Conversation with Philips Rylands

29.04.2020

It naturally arises to wonder, when looking at this painting titled Soccer Players by Henri Rousseau, why the man in the center of the work is holding the ball in his hand.
Is it perhaps obvious that it’s rugby? The ball could be oval, and the second player in the pink and blue striped tracksuit seems to be reaching out to catch it, while the player on the left, in red and yellow, appears to have missed his chance to grab and tackle the opponent holding the ball. Or maybe he is doing what soccer players often do, that is, tugging on the opponent’s jersey? Or perhaps there is another explanation.

In the eccentric naïve world imagined by this primitivist, rules do not exist, everything is possible, and this is simply how Rousseau envisioned the sport of soccer.
Only the clear-eyed perspective of Cornelia Lauf, author of the artwork’s description on the Guggenheim Museum’s website in New York, where the painting is housed, recognized the man in pajamas, as Lauf calls him, as a rugby player.
So, why wasn’t the painting titled The Rugby Players? As the American scholar Roger Shattuck observed in The Banquet Years, the absence of any sense of movement in this enchanting painting is due to the lack of shadows.
Despite the clear sky, the figures cast no shadows. Shattuck also wryly points out how the two players in yellow have blond hair, while those in blue have dark hair; all sport mustaches, but the sock colors alternate.

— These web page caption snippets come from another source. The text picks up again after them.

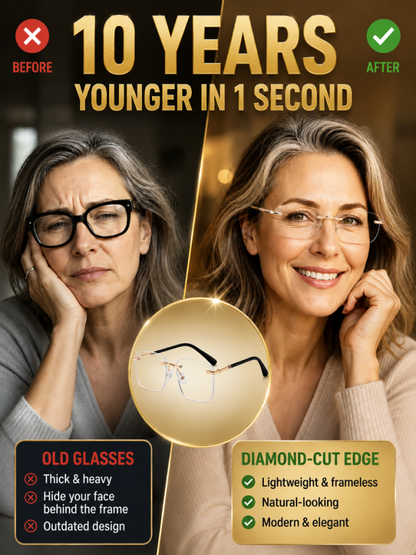 👓 Ultra-Light Auto-Focus Glasses – See Near & Far (Regain Your Youthful Vision)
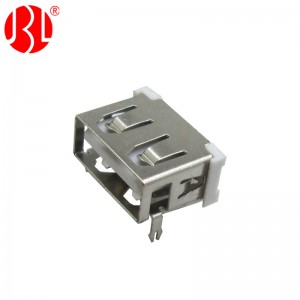 USB 2.0 Type A 4Pos DIP Right Angle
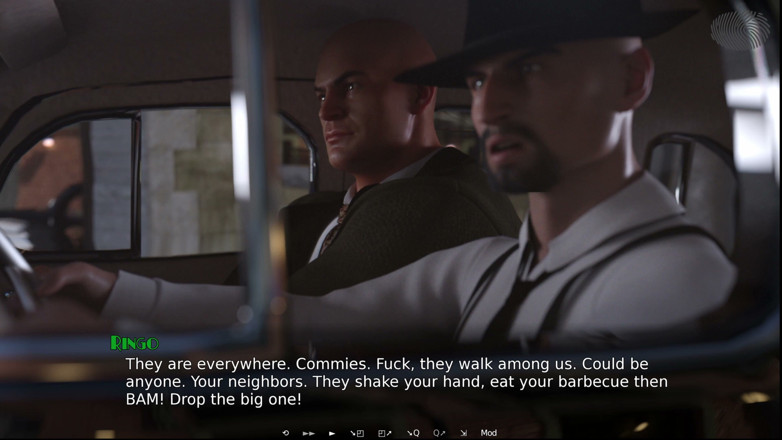 Wickedgammes studio: Pecker Private Investigations (part 7)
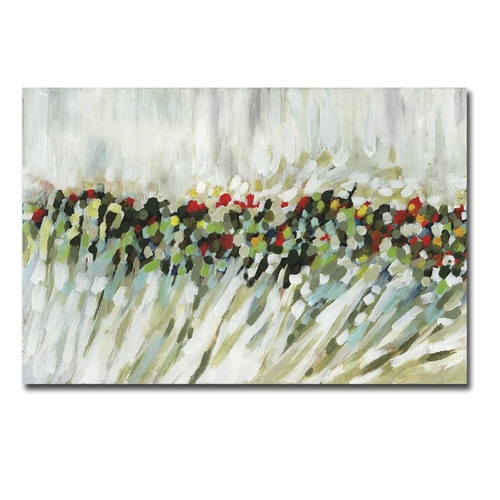 Artistic Home Gallery 1218M598CG Poppy Swirls by Karen Lorena Parker P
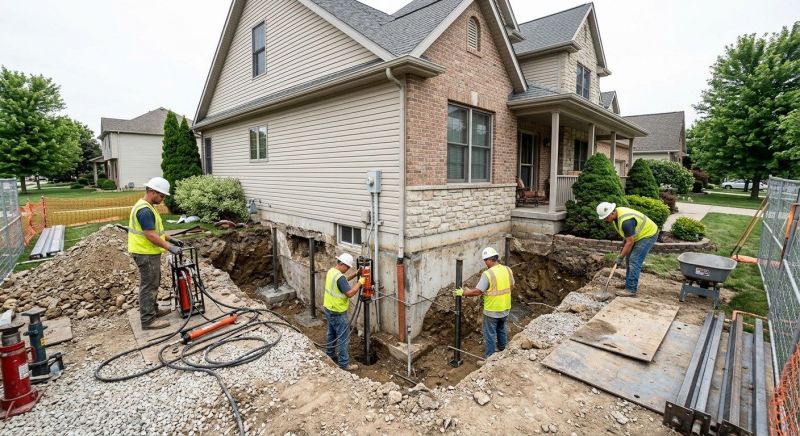 Foundation Renovation in Hoboken, NJ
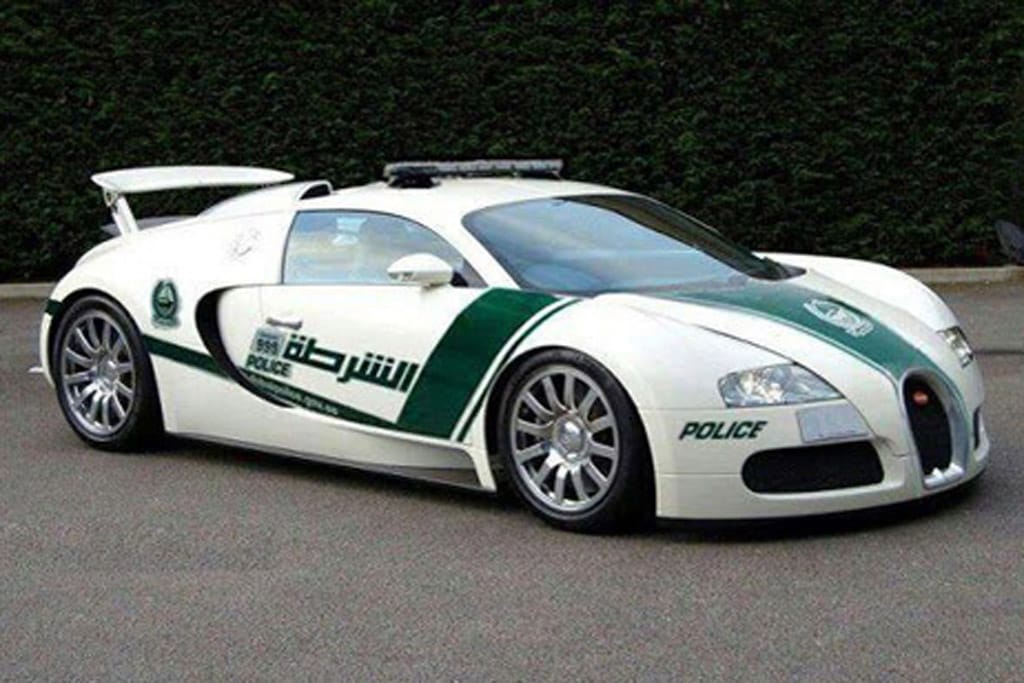Kész a dubaji rendőrség: megvették a legdurvább Bugatti Veyront
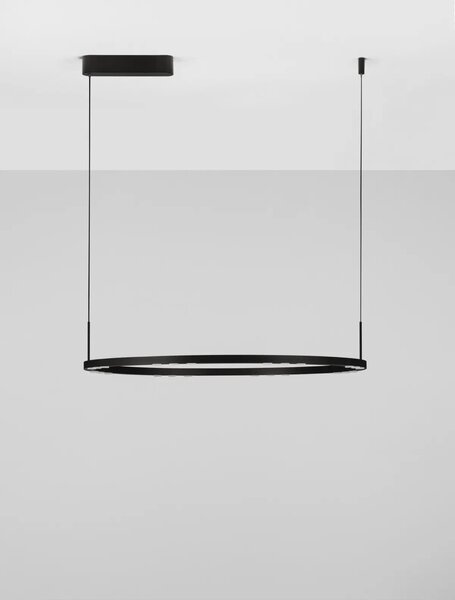 Moderný luster Lunette 80 – LED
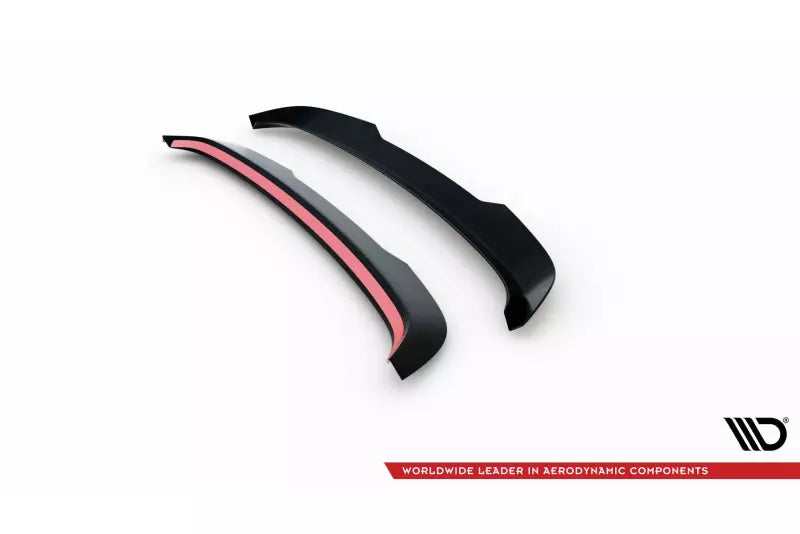 Maxton Design Heckspoiler Lippe für Opel Corsa F ( Mk6) Hochglanz schwarz – Ansicht 4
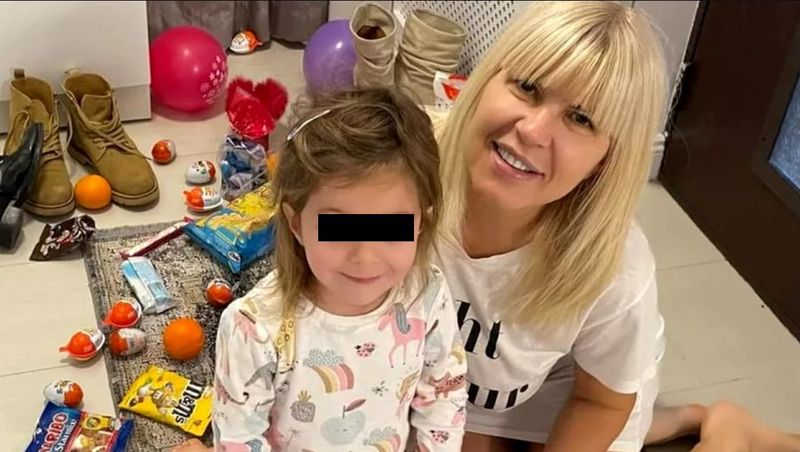Elena Udrea și fiica sa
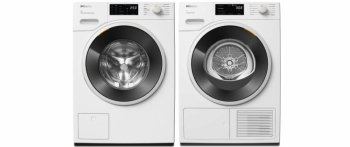 Miele WWD380 WCS PWash &Steam &9kg + TWD640WP EcoSpeed&9kg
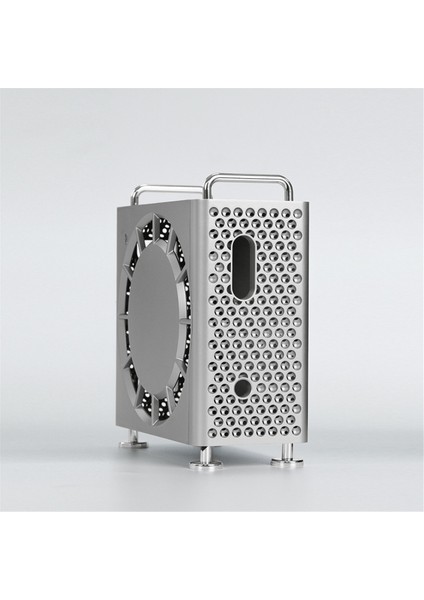 Apple Mac Mini M4/pro Soğutma ve Damla Koruma Kılıfı Stand Ev Ana Şasi Gümüş (Yurt Dışından) fiyatları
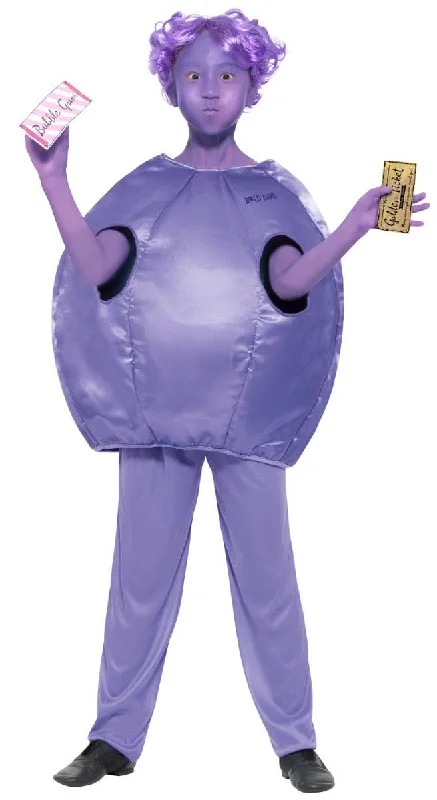 Violet Beauregarde Blueberry Girls Book Week Costume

Although known as Le Douanier, Rousseau was not a customs officer, but rather a gabelou, a tax collector, from 1869 to 1895. This was not at the time he painted The Soccer Players, which was towards the end of his life, but before he became a full-time painter. He was a simple man, good-looking, fond of women, an upright individual who had never committed any crimes. A sophisticated naïf, a violin player who would sometimes beg on the streets to ease his poverty.
He was born in northeastern France, in the same town as Alfred Jarry, with whom he later became friends in Paris. Guillaume Apollinaire admired him and spun myths about his life that he had gone to Mexico with the troops sent by Napoleon III, that he had seen the jungles of South America which he later depicted in his paintings, and that as a soldier he single-handedly saved the town of Dreux during the Franco-Prussian War of 1871.
A dinner held in his honor by Picasso in 1908, the year of this painting, has become a legendary episode from the pre-World War I period when Paris was the cradle of the avant-garde art movement.
Rousseau exhibited regularly in public salons, and although his paintings were often ridiculed, his Sleeping Gypsy is today one of the most admired paintings at the Museum of Modern Art in New York.
But why was he so admired? Why did Apollinaire, Jarry, Picasso, Braque, Jacob, Uhde, Delaunay, Vlaminck, Brancusi, and later even Léger, Kandinsky, and Beckmann see this Sunday painter’s work as so modern? Although I have tried to answer this question, I find it incredibly difficult to do so with the same clarity, simplicity, and certainty that Rousseau used in his paintings and without resorting to art critical jargon.

It is as difficult to answer this question as it is to be certain about which sport is depicted in the work by the French artist.

Biography

PHILIP RYLANDS | Museum director and art historian. He graduated in Art History from King’s College, Cambridge, and in 1981 earned a PhD with a thesis on the Venetian painter Palma Vecchio, published by Mondadori in 1988 and by Cambridge University Press in 1992. From 1986 to 2017, he served as Director of the Peggy Guggenheim Collection, the most visited modern art museum in Italy. During his tenure, Rylands oversaw the restoration of the palace and expanded the exhibition spaces to host the Solomon R. Guggenheim Foundation’s collection and more than 200 works from the Hannelore B. and Rudolph B. Schulhof bequest. In 1980, he founded the Collection’s internship program. In 1986, the Guggenheim Foundation acquired the United States Pavilion at the Venice Biennale, and since then the Peggy Guggenheim Collection has provided administrative and logistical support for the Pavilion’s exhibitions. In 2000, he founded the Guggenheim UK Charitable Trust. Currently, he continues to curate occasional exhibitions and teaches at various international universities.